In my last post, I discussed several ways that metadata can be used in a Google Search Appliance solution. But where does metadata come from?
Let’s hold on to that question for just a second, and start with an even simpler one.
What is metadata?
Every record in a Google Search Appliance (such a document, a web page) can have an arbitrary set of name / value pairs called metadata. The name and value can have pretty much any value, and you can include as many different metadata fields as you want. You do not have to define any schema ahead of time. Metadata values are interpreted as strings, but the GSA is also smart enough to recognize dates and numbers automatically. Metadata fields can include multiple values by either repeating the same field several times, or by using a multi-value separator, like a comma or pipe.
So now back to the question of where metadata comes from.
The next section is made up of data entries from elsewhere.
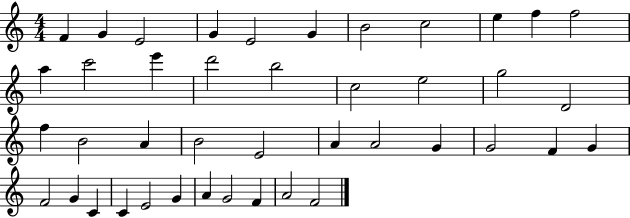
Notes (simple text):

F4/q G4/q E4/h G4/q E4/h G4/q B4/h C5/h E5/q F5/q F5/h A5/q C6/h E6/q D6/h B5/h C5/h E5/h G5/h D4/h F5/q B4/h A4/q B4/h E4/h A4/q A4/h G4/q G4/h F4/q G4/q F4/h G4/q C4/q C4/q E4/h G4/q A4/q G4/h F4/q A4/h F4/h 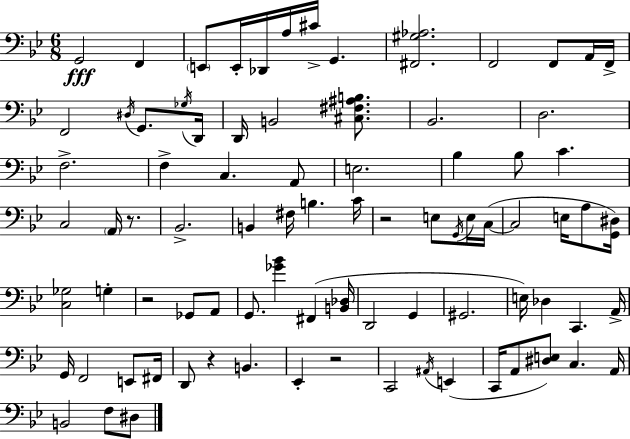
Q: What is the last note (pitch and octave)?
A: D#3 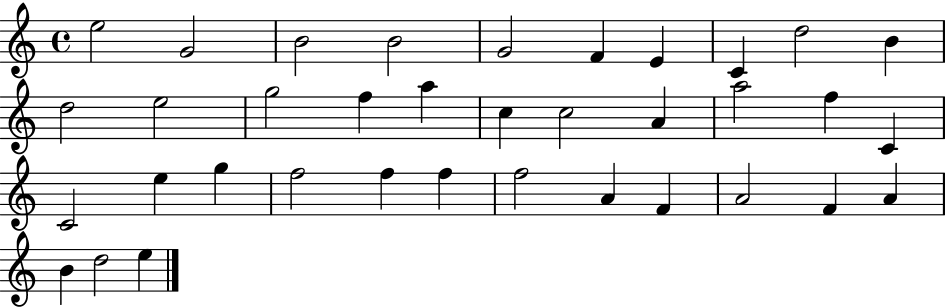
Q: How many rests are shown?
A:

The following list represents all the different ways metadata can be loaded into records in the Google Search Appliance:
Where does metadata come from?
- Meta tags: If you are crawling a website, <meta> tags in the HTML pages are loaded as metadata in the record.
- Http Headers: The X-GSA-External-Metadata HTTP response header can be used to load metadata during a web crawl, but without physically modifying the HTML source code. This response header can also be supplied when serving non-HTML files that don’t support <meta> tags. The syntax can be found here: http://www.google.com/support/enterprise/static/gsa/docs/admin/72/gsa_doc_set/metadata/metadata.html#1075058
- Document Properties: For non-HTML files, like PDF or Office documents, the GSA extracts metadata from the file’s native properties, like author, company, or creator. The exact properties vary from format to format. Google does not publish the complete list of document properties that are extracted as metadata, but you can index a file experimentally and see the results. The list of supported file formats can be found here: http://www.google.com/support/enterprise/static/gsa/docs/admin/72/gsa_doc_set/file_formats/file_formats.html#1073282
- XML Feeds: You can add metadata to new or existing records in the index by uploading an XML Feed to the GSA. There are two types of XML Feeds, Web/Metadata-and-URL Feeds and Content Feeds. Metadata can be specified in either type of feed. See the documentation for details: http://www.google.com/support/enterprise/static/gsa/docs/admin/72/gsa_doc_set/feedsguide/feedsguide.html
- Entity Recognition: The GSA can be configured to look for words, phrases, or regular expression patterns in the content of every document or web page as it is being indexed. If a match occurs, either the matching text, or a specified label, will be added to the record as metadata. Entity Recognition can be used to detect and add metadata such as locations, ID numbers, products or names.
Extra Credit
In general, you can think of each record in the GSA as having a single, indivisible “set” of metadata (name / value pairs). But actually there are several different buckets of metadata on each record. First, there is a set of metadata that is parsed from the HTML meta tags or from the document properties. Second, there is metadata calculated by Entity Recognition. And third, there is metadata loaded through an XML feed.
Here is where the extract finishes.